We seem to have been experiencing an awful lot of meteorological lunacy lately, which has acted as a handy build up to this month’s theme: The Weather. Every time I look out the window I see a new item of weather has landed on the grass, reminding me of my After School Club month-holder-ship (is there a card for that?) My forecast for this month is sunny with a chance of Cher. And speaking of sharing (we pretty much were) here’s why I chose this fickle mistress of a theme, presented, of course, underneath a drawing of Michael Fish.
The weather acts as a classic anecdote of British life. We’re not a country of extremes and so we monitor the slight changes in our weather carefully. When it snows, Canada mocks “you call that snow?!” yet we take pride in digging our trusty plastic sledge out from the garage and watch helplessly as our transport systems fall apart around us. As soon as the sun peeks around the clouds, someone opens a can of British Summertime and flip flops are rediscovered; bodies untouched by the light suddenly walk about town topless in search of ice cream, burning carelessly. However an umbrella is the accessory of choice for a trip to the UK, with the Czech Republic even turning up to the London 2012 opening ceremony in wellies. Certainly not in the same league as countries that experience monsoons, hurricanes, tsunamis, it is the attention we pay to our limited climate that puts us up there in the weather league tables.
Since first discovering the writing tool of pathetic fallacy at school I’ve found myself conscious of the power of the weather to affect situations. A downpour has the ability to make everyday events feel a cruelly scripted scene. It’s raining, girl is late for train.
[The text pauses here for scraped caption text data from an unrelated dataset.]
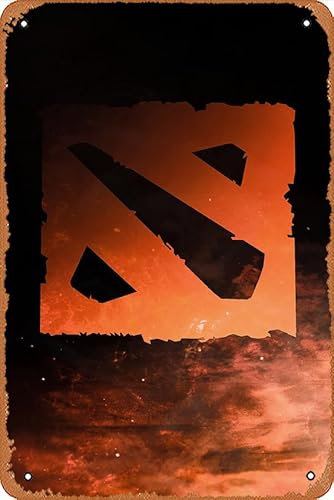 Dota 2 Logo Kunst Poster Eisen Malerei Wand Poster Metall Vintage Band Blechschilder Retro Garage Plakette Dekorative Wohnzimmer Garten Schlafzimmer Büro Hotel Cafe Bar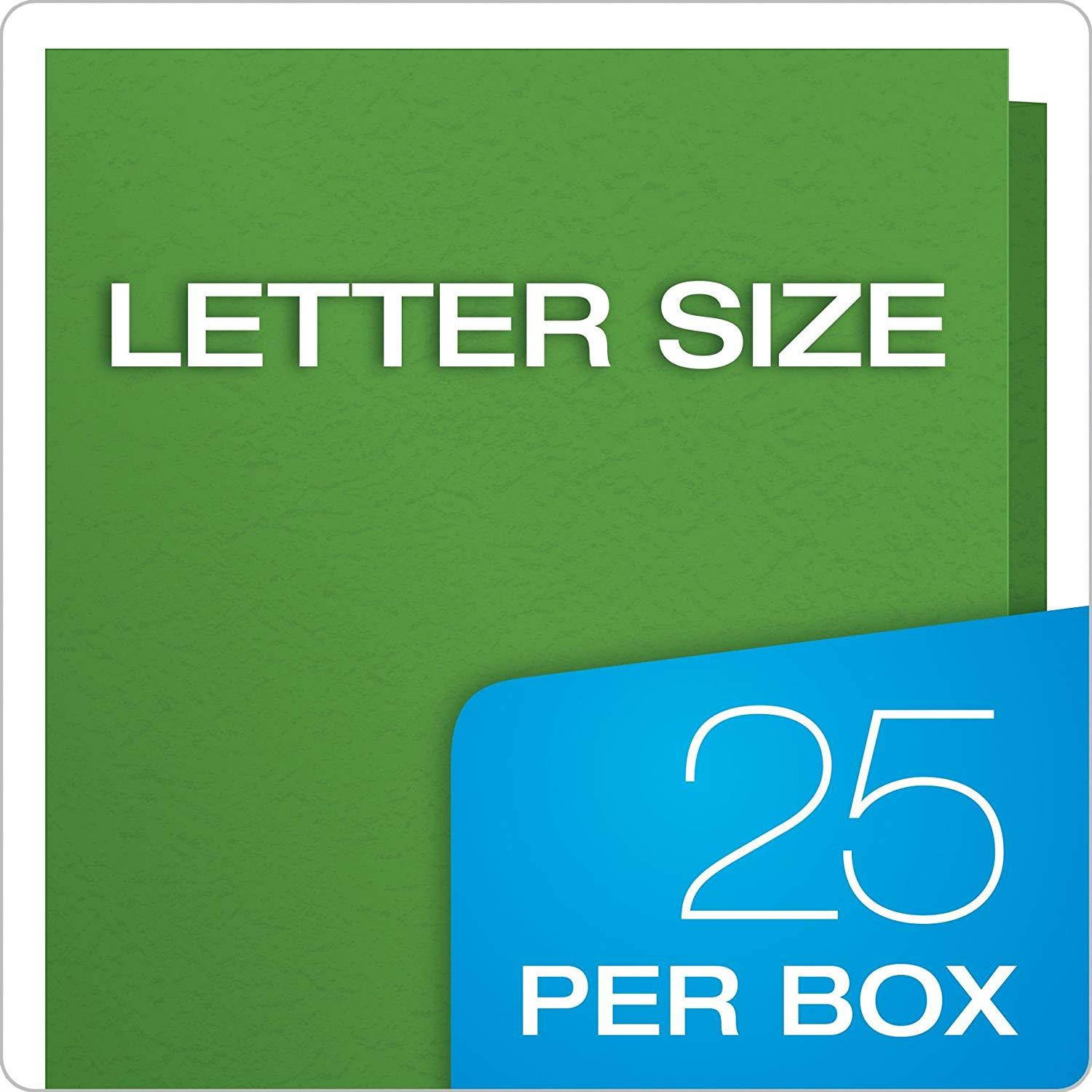 Oxford Twin Pocket Folders with Fasteners, Letter Size, Light Green, 25 per Box (57703)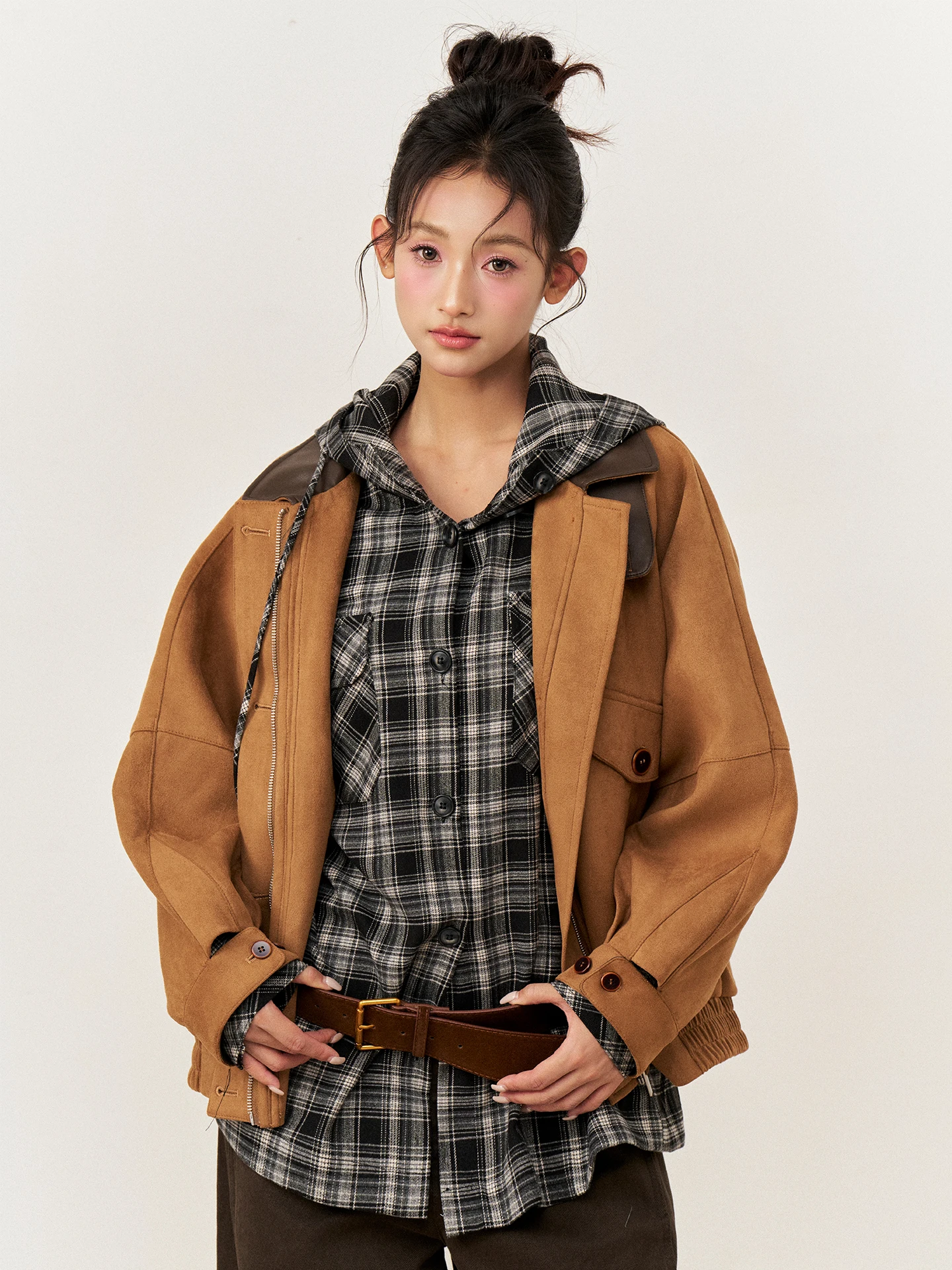 

AXIA Retro Khaki Suede Patchwork Jaet Women's Loose Oversize Autumn Winter New Sle Zipper Decorated Button Decorated Coat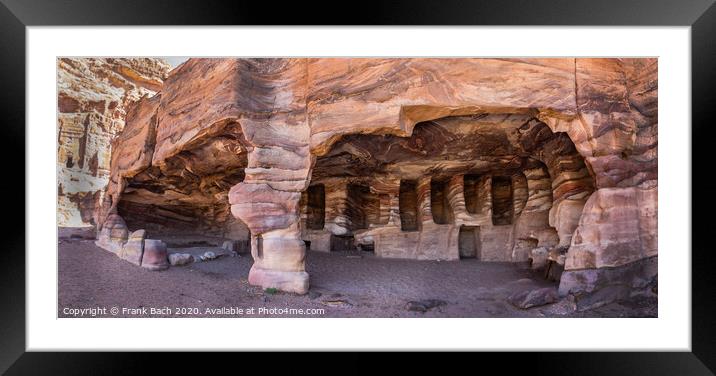 Dwellings homes in Petra lost city  Framed Mounted Print by Frank Bach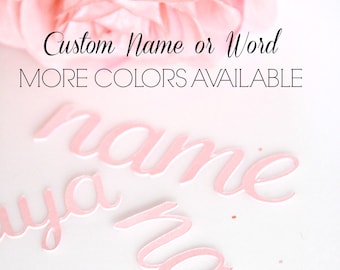 Custom Name Confetti, Word Confetti, Script Font Letters, Name Diecut, Pink Blue, Baby Shower, Wedding Confetti, Rose Gold Bridal Shower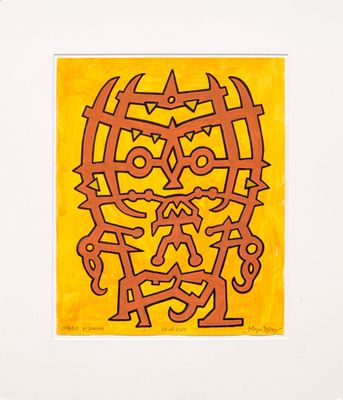 an image of a picture of a painting of a skull on a yellow background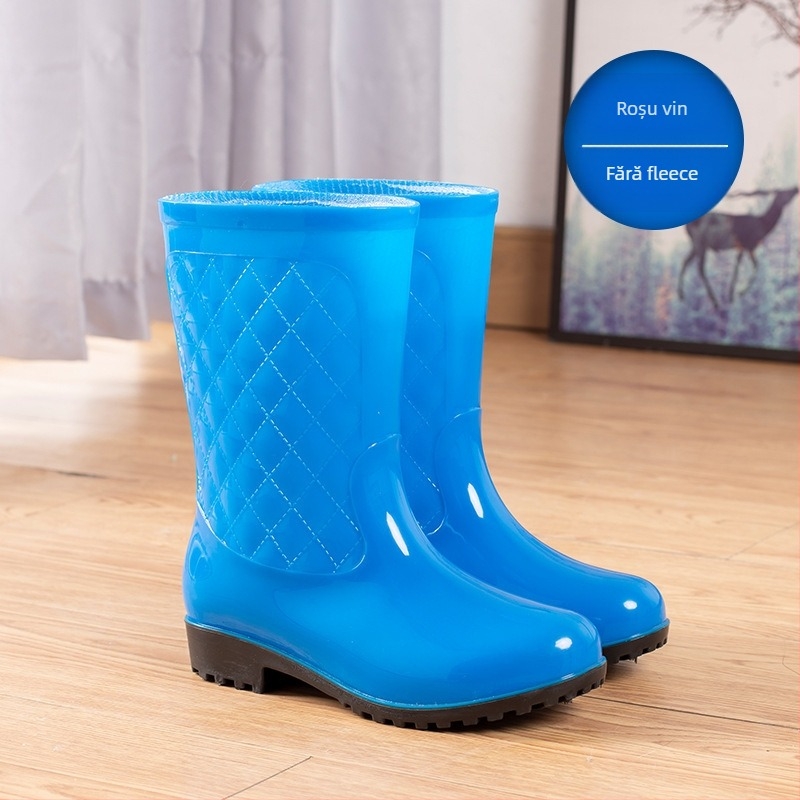 You dexuan Cizme de ploaie din PVC pentru femei - înălțime medie a gambelor, toc plat, culoare solidă, pentru toate anotimpurile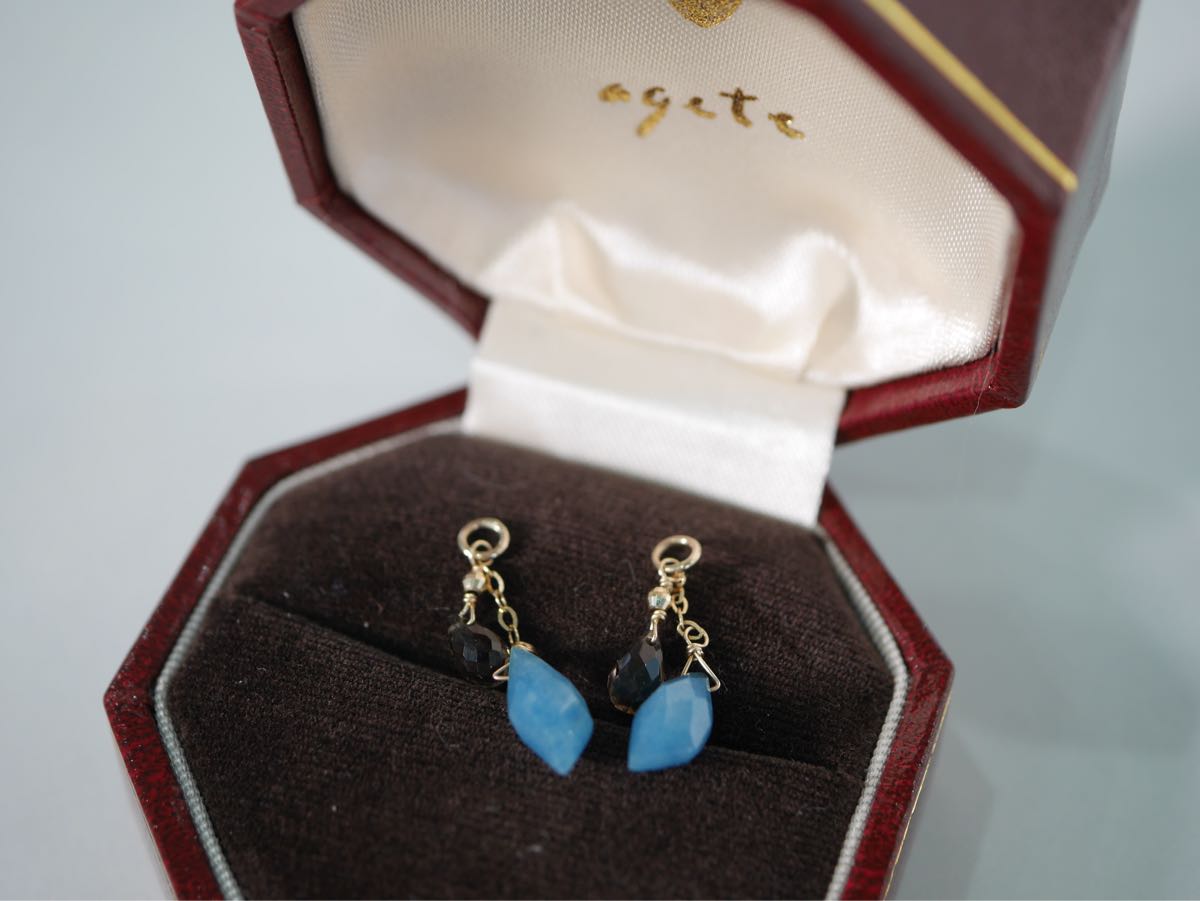 □アガット□agete□K10ピアス&ピアスチャームセット□ラピスラズリ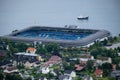 Beautiful scenery of Molde town and surroundings. Aker Stadium. Summer cloudy day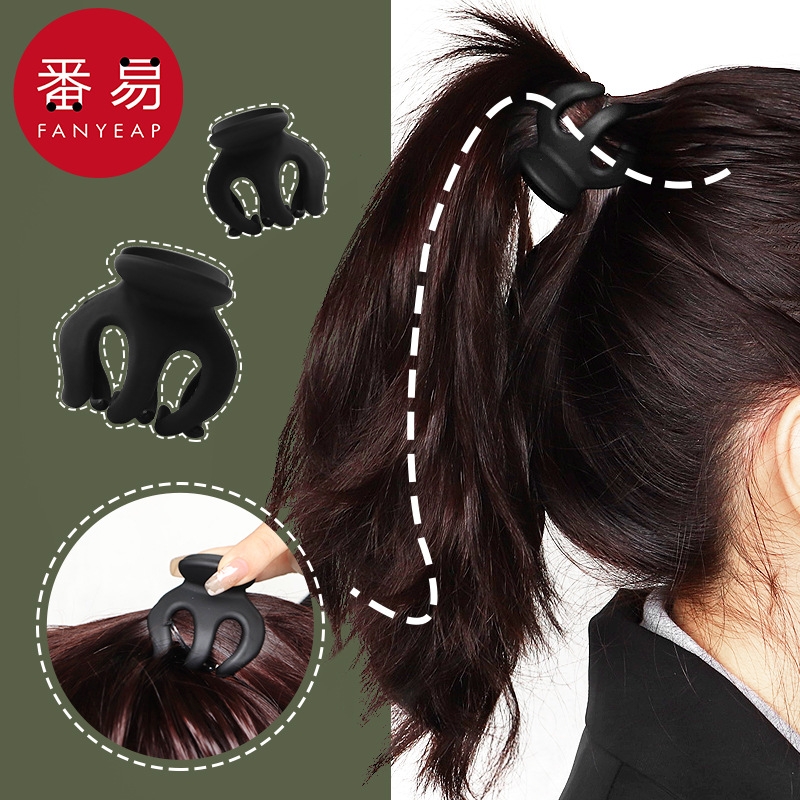 抓夹/高马尾A1pn0-发夹头饰大号固定防塌扎丸子头简约黑色南瓜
No coat, a sorry excuse for shoes, she splashes desperately like a dying salmon struggling through the stream of office workers going the other way. A sunny morning instead conjures a vitamin-D-addled haze, and the mind seems only able to recall the loveliest parts of our lives leading up to that point.
Strangely the act of talking about the weather is a completely inert experience, predominantly used to avoid any personal or meaningful discourse. Perhaps through lacking the blessed ability to generate naturally convincing small talk, discussing what it’s like ‘out’ has become a universal comfort zone. Afterall, rain falls on the just and the unjust alike.